Sorti en mars 2018 aux Editions de Fallois. Roman policier. 640 pages.

EN DEUX MOTS
640 pages, même si elles se tournent toutes seules, c’est beaucoup trop ! Un agréable moment de lecture pourtant car fatalement le lecteur veut savoir qui est a commis tous les meurtres. Et Joël Dicker est plutôt doué pour faire durer le suspense jusqu’au bout.

L’auteur. Inutile de présenter Joël Dicker, il le fait suffisamment bien lui-même aujourd’hui dans les médias et hier avec son entrée fracassante dans le monde littéraire version best-sellers en obtenant notamment le Prix Goncourt des lycéens 2012.

Les cinq premières lignes.
« Seuls les gens familiers avec la région des Hamptons, dans l’Etat de New York, ont eu vent de ce qui se passa le 30 juillet 1994 à Orphea, petite ville balnéaire huppée du bord de l’océan. Ce soir-là, Orphea inaugurait son tout premier festival de théâtre, et la manifestation, de portée nationale, avait drainé un public important ».

L’écriture elle-même n’est pas littéraire pour deux sous, loin s’en faut. Très appuyée, appliquée, elle comporte trop d’adverbes et de répétitions inutiles car soulignant des évidences. Scolaire, presque une plume de deuxième de la classe. Les descriptions sont plates et font mal aux yeux du lecteur, le vocabulaire pauvre, les dialogues quelconques et trop explicites, et je ne dirai rien sur la narration des quelques sentiments amoureux (que l’on voit venir les yeux fermés) par pudeur pour l’amour.
Mais le rythme fonctionne à merveille pour ce type de roman, long mais sans temps mort. Les personnages comme le lecteur sont pris par l’auteur dans un jeu de piste à la Agatha Christie avec le nom du coupable révélé en toute fin et en présence de tous les personnages, y compris le coupable ; tous suspectés à un moment ou à un autre.

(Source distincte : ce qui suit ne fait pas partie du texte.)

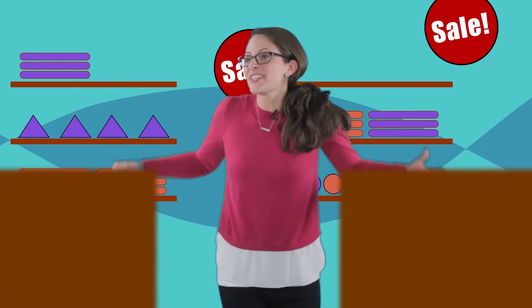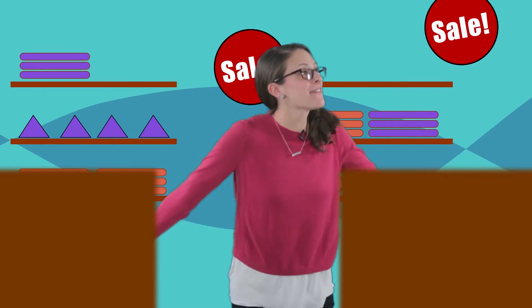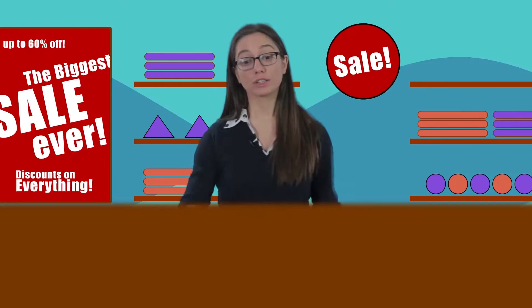Oh wow! I love shopping! There are discounts everywhere! Look! It's so beautiful! It's so me! I have to have it.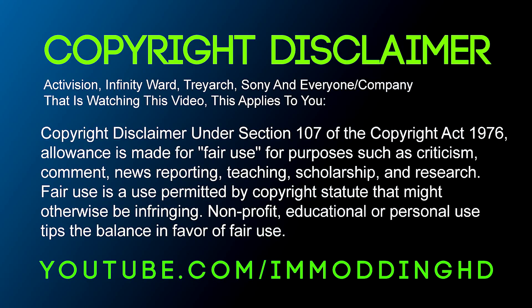Copyright Disclaimer under Section 107 of the Copyright Act 1976 allows for fair use for purposes such as criticism, comment, news reporting, teaching, scholarship and research. Fair use is a use permitted by copyright statute that might otherwise be infringing. Non-profit, educational or personal use tips the balance in favor of fair use.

Simplement, le salon bourgeois qui servait souvent de huis clos à Agatha Christie est ici un théâtre. Côté suspense, rien à dire, ça marche, les pages défilent vite, les rebondissements se succèdent, tout comme les meurtres. Et l’assassin et son créateur savent y faire pour brouiller les pistes.

L’histoire et mon avis. J’avais décidé de ne pas le lire. Je n’avais pas tout à fait digéré que Joël Dicker obtienne deux prix littéraires (le Prix de l’Académie française et le prix Goncourt des lycéens) pour son second roman La vérité sur l’affaire Harry Quebert en 2012, laissant derrière lui, entre autres, Mathias Enard (Rue des voleurs), Patrick Deville (Peste et choléra) et Jérôme Ferrari (Le sermon sur la chute de Rome). Son premier, dont j’ai oublié le titre, étant passé totalement inaperçu ou presque.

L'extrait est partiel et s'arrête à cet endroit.